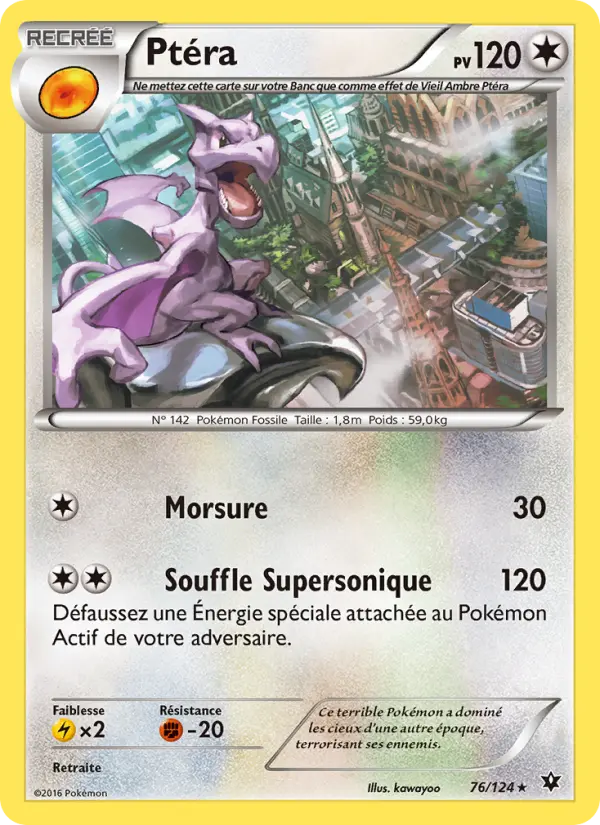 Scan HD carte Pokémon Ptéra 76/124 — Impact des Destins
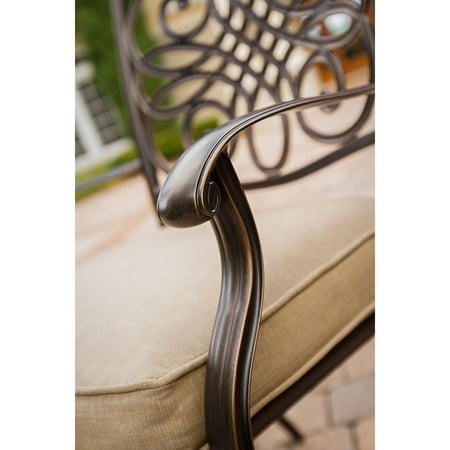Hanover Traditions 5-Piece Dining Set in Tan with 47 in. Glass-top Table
---
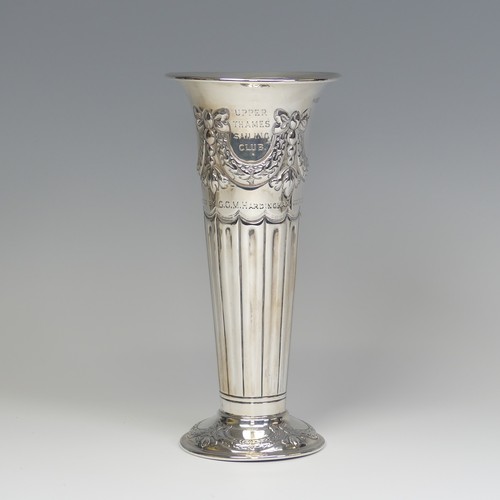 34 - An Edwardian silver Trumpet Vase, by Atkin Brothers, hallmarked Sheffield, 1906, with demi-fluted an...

**WHAT IS BEING ASKED:** I would like the exact lines from the data above, starting with the one that holds "Scan HD carte" and going on through the one that holds "Hanover Traditions 5-Piece", without the pictures.

**ANSWER SECTION:**
 Scan HD carte Pokémon Ptéra 76/124 — Impact des Destins
Hanover Traditions 5-Piece Dining Set in Tan with 47 in. Glass-top Table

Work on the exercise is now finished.